# Sony buying Nikon ?



## goodguy (Nov 4, 2016)

Here is a rather weird yet interesting to talk about rumor

The Rumor That Sony Wants to Buy Nikon Isn’t Totally Absurd, But it’s Close - Resource Magazine


----------



## fmw (Nov 4, 2016)

I would say it is absurd but that is the way rumors often go.


----------



## pixmedic (Nov 4, 2016)

your a little late to the party.  

Sony wants to buy Nikon


----------



## Peeb (Nov 4, 2016)

I'd like to buy Nikon but we haven't come to terms quite yet.


----------



## pixmedic (Nov 4, 2016)

Peeb said:


> I'd like to buy Nikon but we haven't come to terms quite yet.



its a bad move. 
Thom says Nikon is going out of business soon. again. still.


----------



## Peeb (Nov 4, 2016)

pixmedic said:


> Peeb said:
> 
> 
> > I'd like to buy Nikon but we haven't come to terms quite yet.
> ...


A Peeb-infused Nikon would be, pretty much, Chuck Norris with a laser-rifle riding a T-Rex into an exploding supernova.


----------



## DarkShadow (Nov 4, 2016)

Sony is going to buy Nikon and have a lot of new Cameras to there line up and there all new two lenses to choose from.


----------



## Derrel (Nov 4, 2016)

Looks like this is all based on a mis-translated comment from a former Nikon sponsored professional, according to Thom Hogan's Nov. 4, 2016 column about this silly 'rumor'....according to him, it is not even a rumor, but merely stupid, baseless speculation.


----------



## pixmedic (Nov 4, 2016)

Derrel said:


> Looks like this is all based on a mis-translated comment from a former Nikon sponsored professional, according to Thom Hogan's Nov. 4, 2016 column about this silly 'rumor'....according to him, it is not even a rumor, but merely stupid, baseless speculation.

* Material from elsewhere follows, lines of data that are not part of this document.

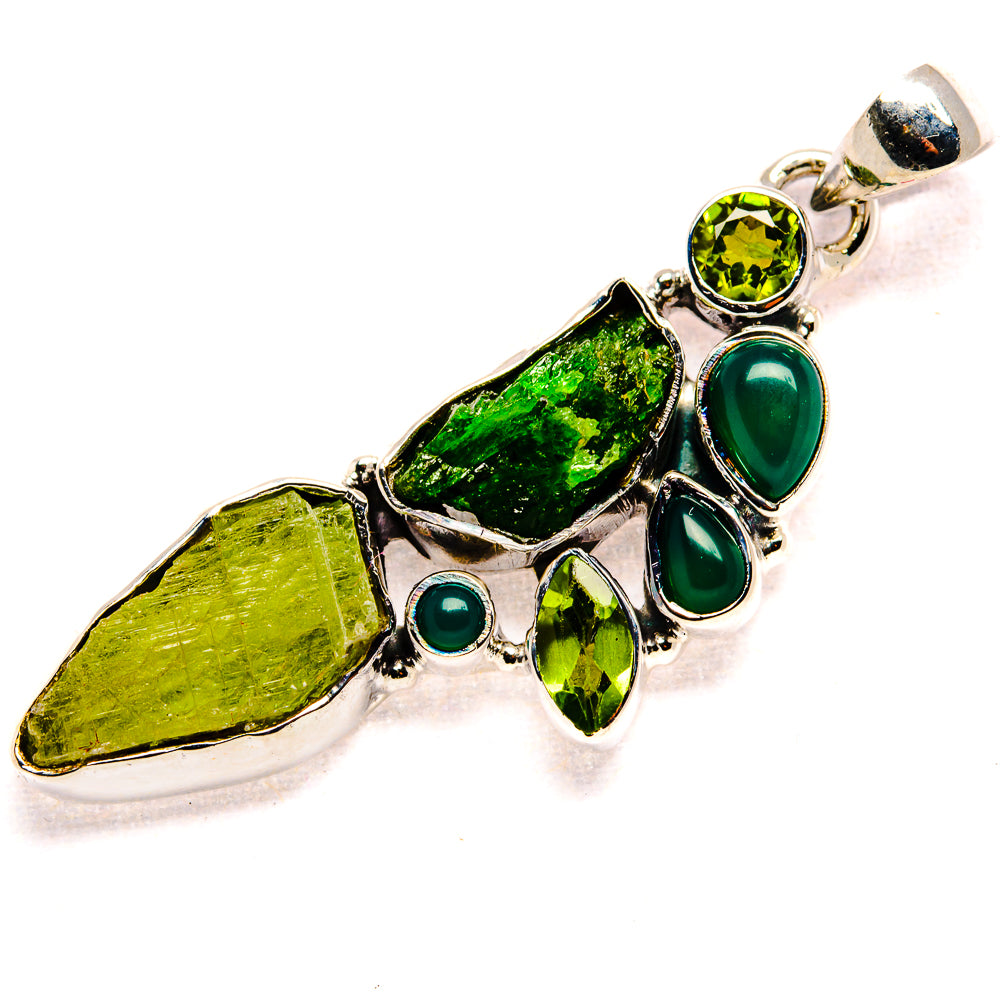 Peridot Pendants handcrafted by Anasilvercos - PD36122 - Photo 2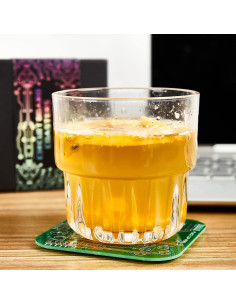 Posavasos de Circuito Real Tagtek Verde 8.5cm - Set de 2 2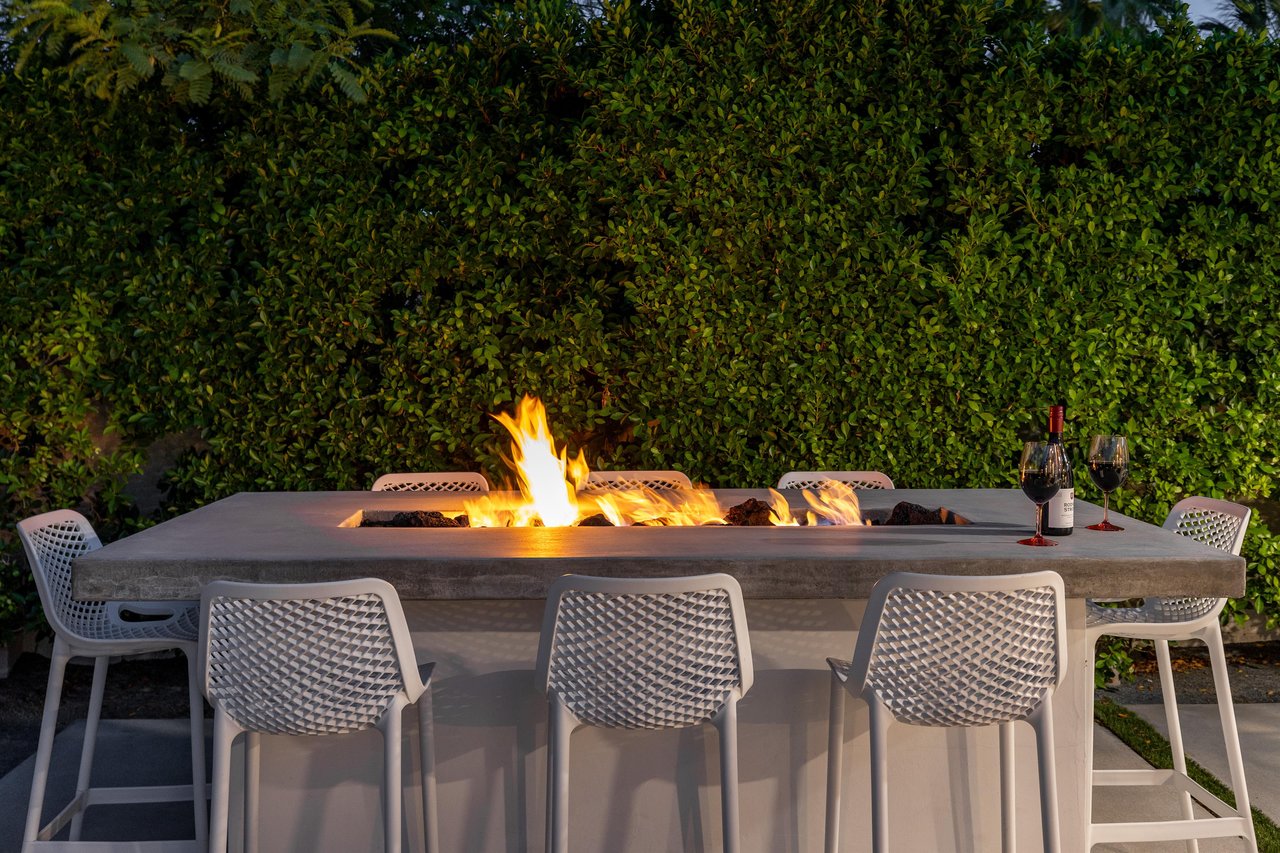 Lit Up Bar Firepit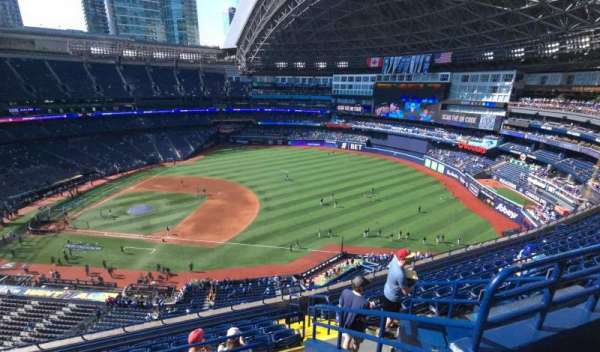 Rogers Centre, section: 515, row: 10, seat: 4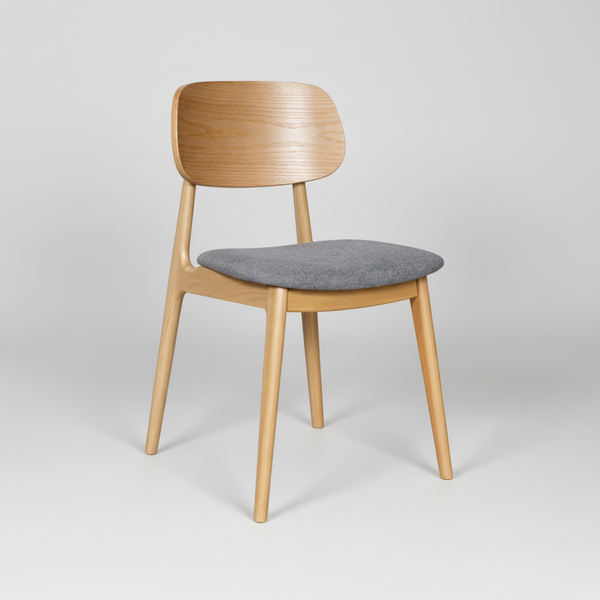 Bowi : Dining Chair Natural Frame Espresso Seat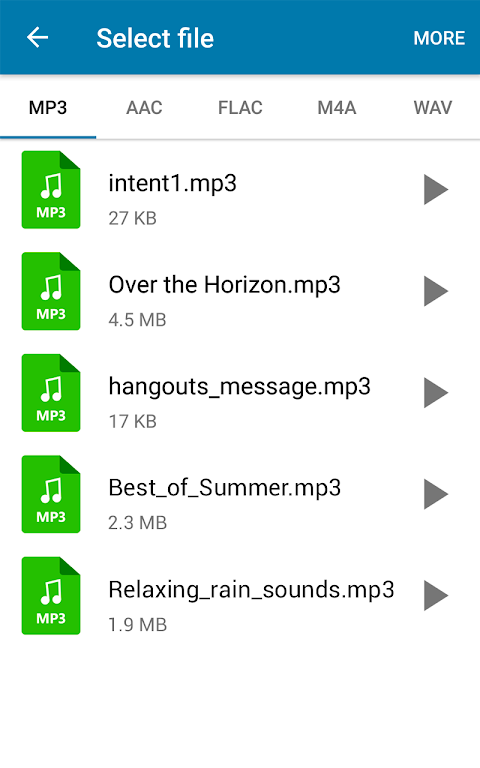 MP3 Converter Edit Music files Ảnh chụp màn hình 0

holy crap...must be end times. 
Thom Hogan...THE Thom Hogan, calling out an article as stupid, baseless speculation.

wow...just, wow.


----------



## Derrel (Nov 4, 2016)

yeah! i know!

Hogan's comments are located at   Rumor Versus Speculation | DSLRBodies | Thom Hogan


----------



## 480sparky (Nov 4, 2016)

I heard Coke was buying Pepsi.


Or was it Ford was buying Chevy?


----------



## Drive-By-Shooter (Nov 26, 2016)

I can imagine SONY to be willing to pay for the

production facilities
engineers
brand name
what's left of a service network
I had extremely incompetent handling (3 replacements) of a still poor performing SONY Blu-ray player. SONY is not what they used to be.


----------



## astroNikon (Dec 7, 2016)

well SONY has
recently sold off portions of it's battery business
selling/sold it's creative audio/video editing sofware programs
sold off the VAIO laptop division
sold off the online gaming division

but it's sensor, camera and playstation division remain healthy.
Apparently Sony is also very successful at selling Insurance.

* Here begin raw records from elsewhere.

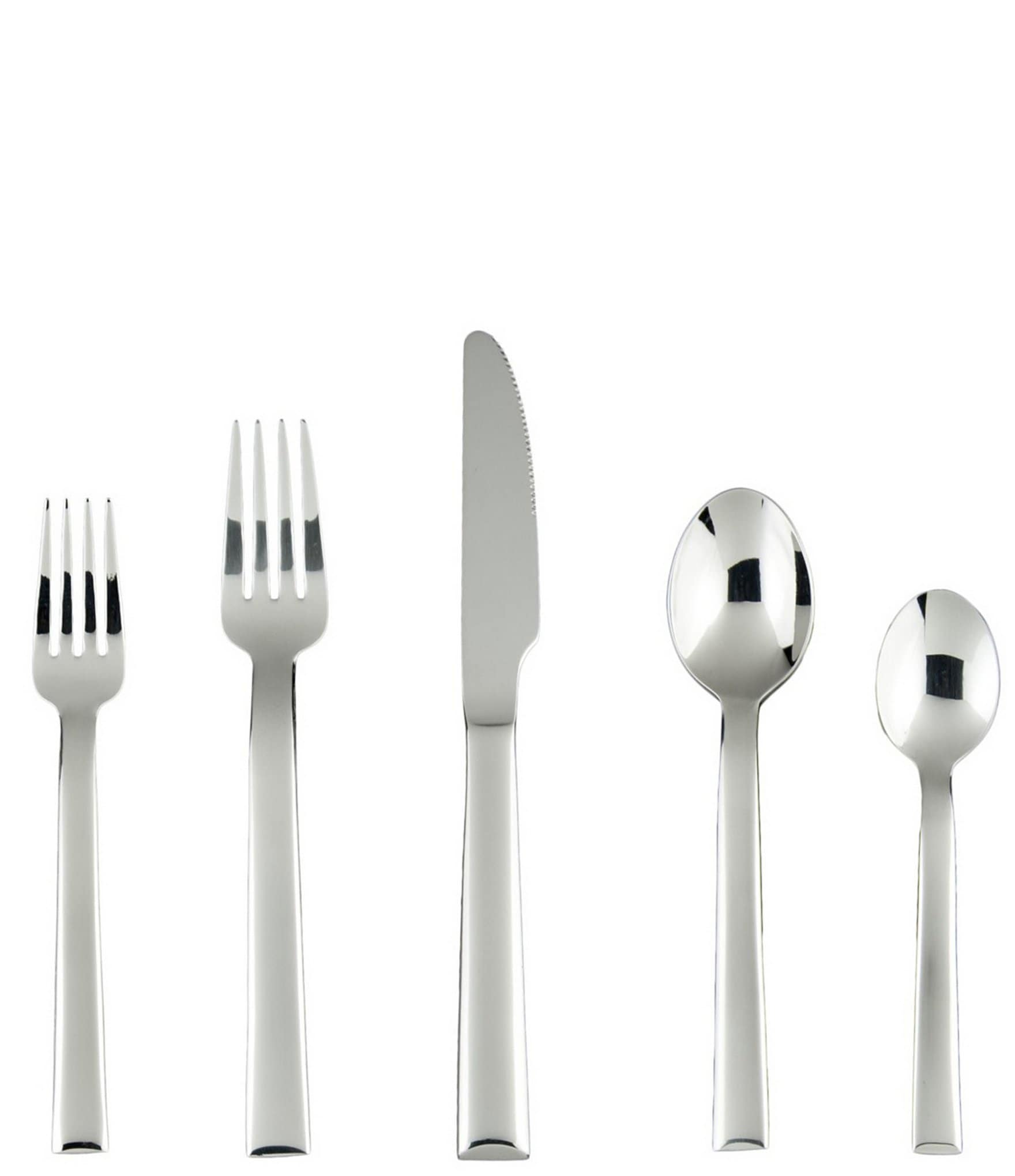 Fortessa Still 5-Piece Stainless Steel Flatware Set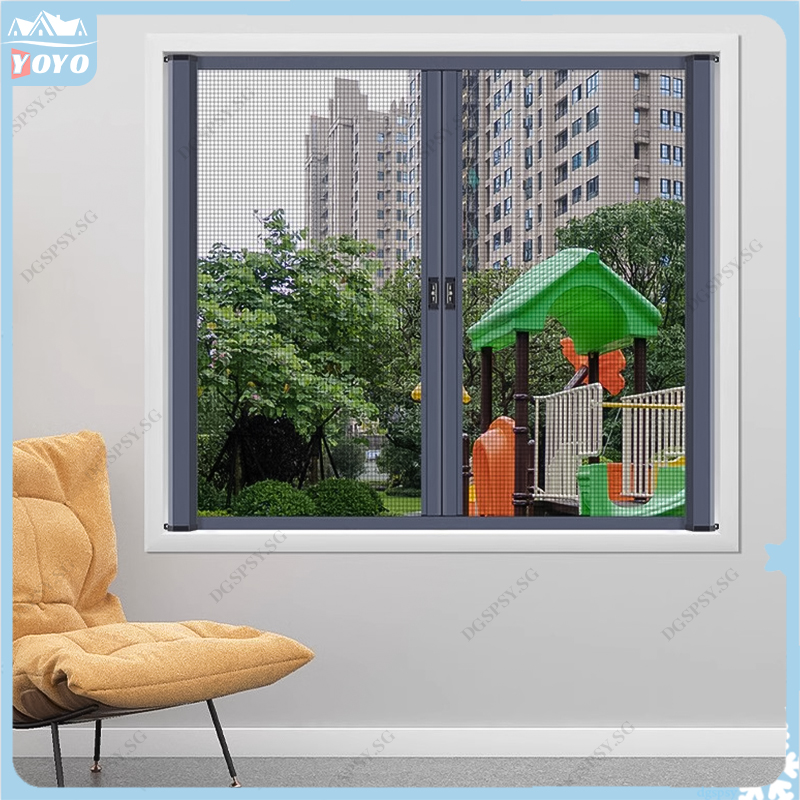 Folding screen window window anti-mosquito screen mesh self-assembly ...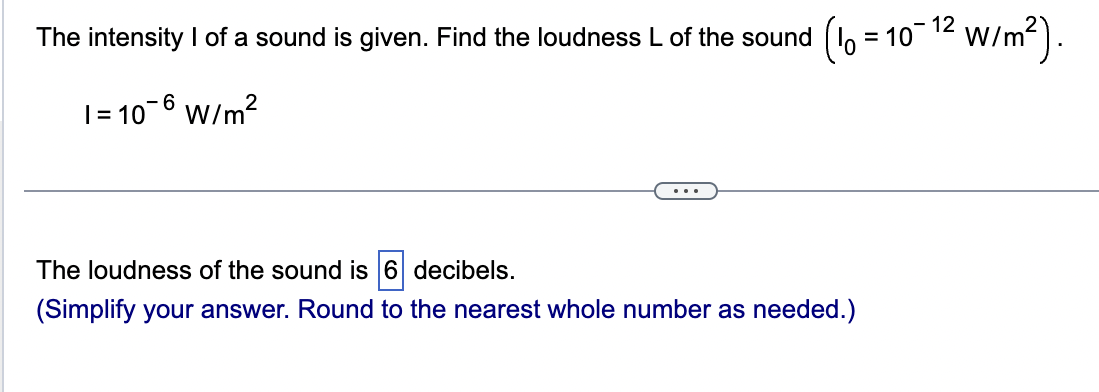 Solved The Intensity I Of A Sound Is Given. Find The | Chegg.com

I miss my Sony Trinitron TVs.


----------



## Drive-By-Shooter (Dec 8, 2016)

LOL - we have a small one in the kitchen that's 27 years old.


astroNikon said:


> I miss my Sony Trinitron TVs.


----------



## astroNikon (Dec 8, 2016)

Drive-By-Shooter said:


> LOL - we have a small one in the kitchen that's 25 years old.
> 
> 
> astroNikon said:
> ...


I still have a 13" stereo, multipicture tv I bought in 1989.
I miss my 32" one from back then - removeable stereo speakers, picture in picture.
I had SONY ES line of VCR, stereo back then.  I still have a "newer" ES stereo amp/receiver. The earlier ES ones had nice wood panels on each side.  It's hooked up to speakers with a 15 inch bass, and 2 other midranges.  Then a higher one going up to ceramic tweeter.   ahh ... power.  The bass makes your feet go numb.

I wonder why they stopped doing picture in picture
I have an early walkman headset too somewhere.


----------



## Drive-By-Shooter (Jan 8, 2017)

here's why companies will need to merge.  also, we're getting o the point that the cameras won't be better than what we own! This Chart Shows How the Camera Market Has Changed Over the Past Decades


----------



## greybeard (Jan 16, 2017)

Given the way Canon is going after Nikon (Tom Hogan) and probably Sony, it could happen.


----------



## Solarflare (Jan 17, 2017)

T*h*om Hogan is completely independent from Nikon, even if he comments on Nikon a lot. He's not a Nikon ambassador (and I dont think he stands a chance in hell to ever be one, the way he keeps telling Nikon what they should do) and he's not an employee or owns part of the company either. All he is is a photographer who keeps working with Nikon gear while speaking doom and gloom about it all the time.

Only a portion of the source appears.